Once upon a sexual assault … it’s not outrageous for fairytales to get a modern update

This article is more than 6 years old
Stephanie Merritt

Sleeping Beauty’s roots lie in a story of rape – and when stories strongly shape children’s sense of gender role and agency then old tropes may need reimagining

Stephanie Merritt is an author, and former deputy literary editor of the Observer

When is it acceptable for a man to foist himself on a sleeping woman? You may be thinking that the correct answer would be “never” – unless, of course, you are the father of former Stanford student Brock Turner, who wrote a letter to the sentencing judge to protest about the length of his son’s sentence last year after he had been convicted of assaulting an unconscious woman after a party.

The one other exception to the rule of not initiating sexual contact with women who haven’t given consent due to not being awake is if you are a fairytale prince and she’s trapped in a 100-year enchanted sleep. If you’ve just hacked your way through a forest of thorns, you can’t be expected to dither over the niceties of permission when there’s a wicked fairy breathing down your neck. And in any case, princesses are raised to be grateful.
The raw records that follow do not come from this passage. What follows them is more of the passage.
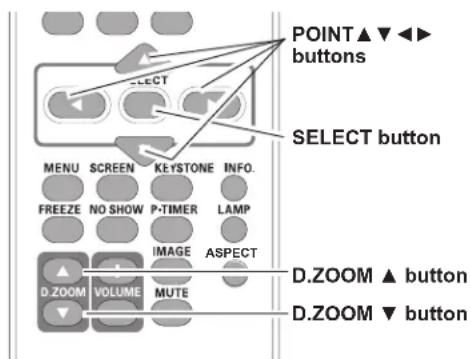 POINT▲▼◀▶ buttons SELECT button MENU SCREEN KEYSTONE INFO. FREEZE NO SHOW P-TIMER LAMP IMAGE ASPECT D.ZOOM VOLUME MUTE D.ZOOM ▲ button D.ZOOM ▼ button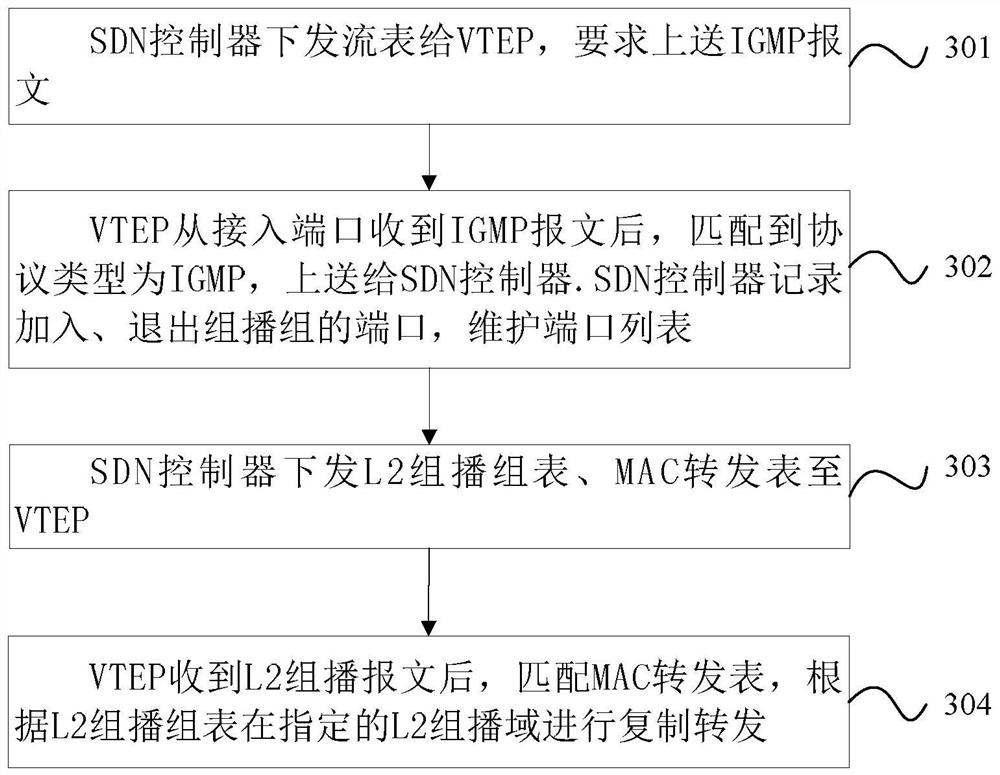 Method and device for implementing broadcast and multicast in software-defined network, and storage medium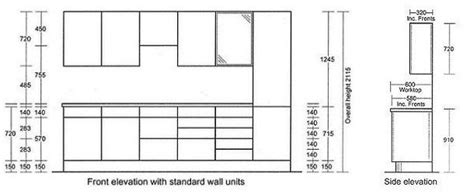 Standard height for kitchen cabinets. kitchen cabinets standard sizes kitchen cabinets kitchen ...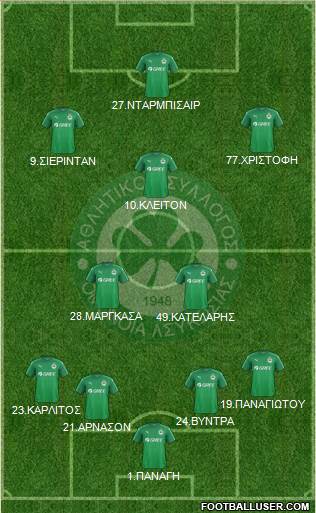 AS Omonoia Nicosia Formation 2017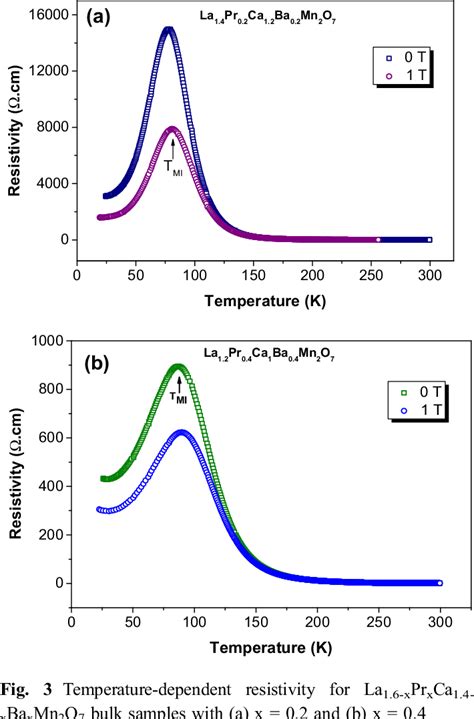 Exhibits The Temperature Dependence Of Electrical Resistivity Measured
But the maelstrom of stories about consent or its absence means that now even charming princes can’t escape scrutiny. Last week Sarah Hall, a mother from Newcastle, made headlines by asking her six-year-old son’s primary school to remove the story of Sleeping Beauty from the classroom of younger pupils because of its unhelpful message about kissing sleeping girls, though she did suggest it could be saved for older children as part of a useful discussion about consent.
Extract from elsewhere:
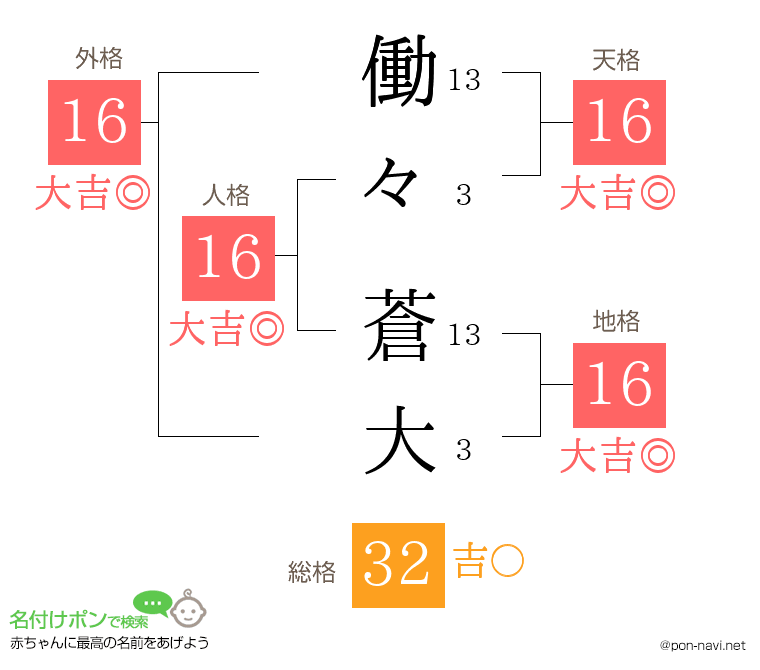 働々 蒼大さんの姓名判断結果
Her comments to this effect on social media were met with predictable frothing from the PC-gone-mad brigade (“You do know bears don’t eat porridge?” remarked one commenter), but it turns out that Hall’s concerns were instinctively correct.

The version of Sleeping Beauty with its chaste, true-love kiss that most of us remember from Disney or the Brothers Grimm derives from a 17th-century Italian tale called Sun, Moon, and Talia by Giambattista Basile, based on folk legends dating from the 14th century. In these early versions, the sleeping princess is raped and impregnated by a passing king – but it all ends well because after she wakes and recovers from the initial shock of finding she has twins, he returns and marries her. This constitutes a happy ending.
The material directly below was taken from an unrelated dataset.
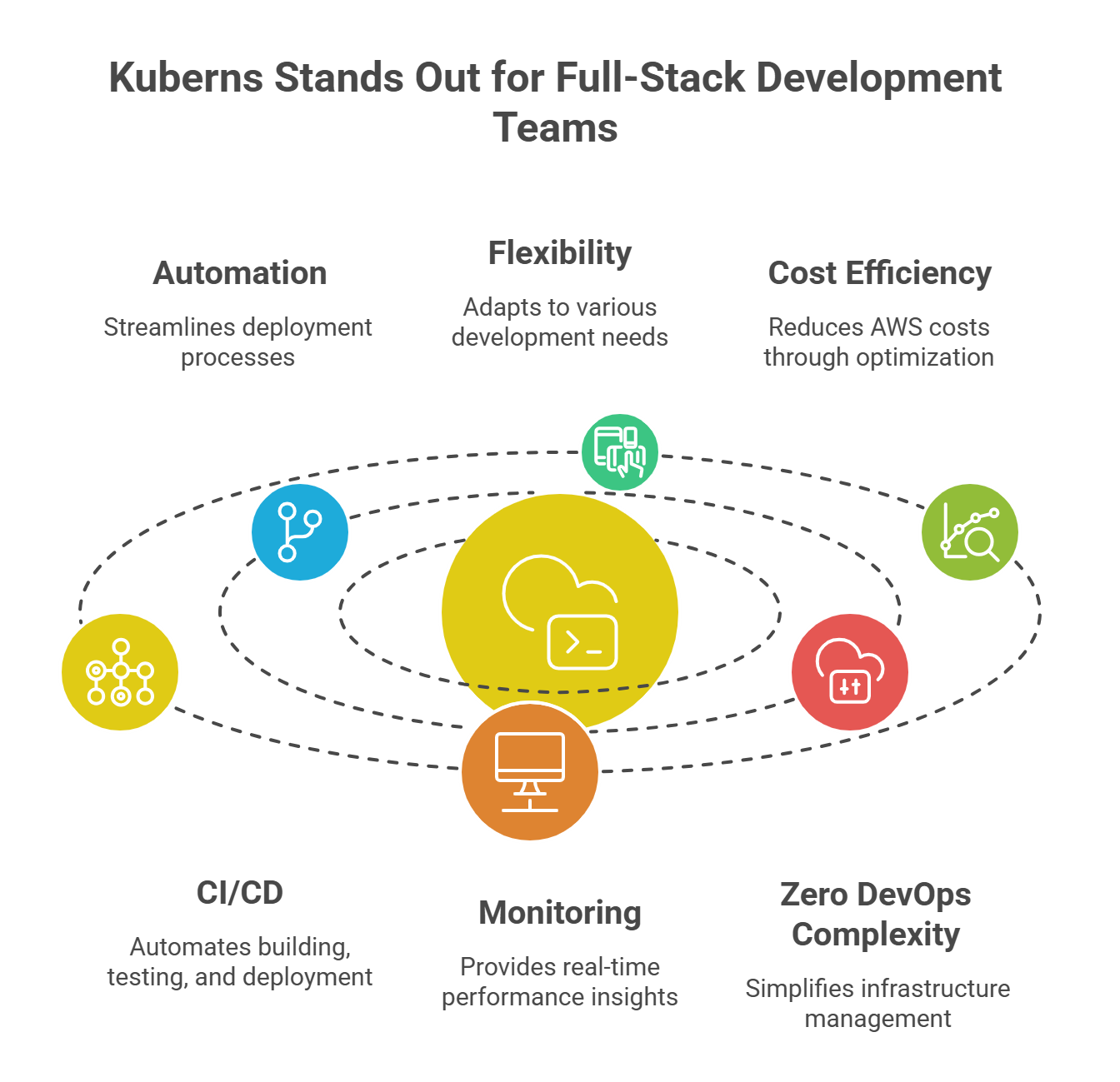 Why Kuberns Stands Out for Full-Stack Development Teams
I grew up with the Grimm and Disney versions of Sleeping Beauty, and as a child it never occurred to me – or anyone else – to question whether it was appropriate for the prince to kiss her when she had no say in it; that was his role, just as hers was to be rescued. If we’d been read the Basile version it might have been a different matter; by the end of that story, after the king’s original wife has tried to kill the princess Talia and have the babies cooked and served to her errant husband for dinner (spoiler: the cook replaces them with lambs), you’re positively rooting for Talia to end up happy ever after with her rapist – he is no longer the worst offender in the story. As in Fatal Attraction, it’s the raging, jealous woman who becomes the destroyer of family, not the guy who can’t keep it in his pants.

But this is how stories work; it’s generally understood that what we regard as acceptable or even desirable within the context of a fictional world is not a morality that translates to real life. Even quite young children are capable of grasping this; it’s why they love stories about naughty anti-heroes such as Horrid Henry while also knowing they’d never get away with behaving like him.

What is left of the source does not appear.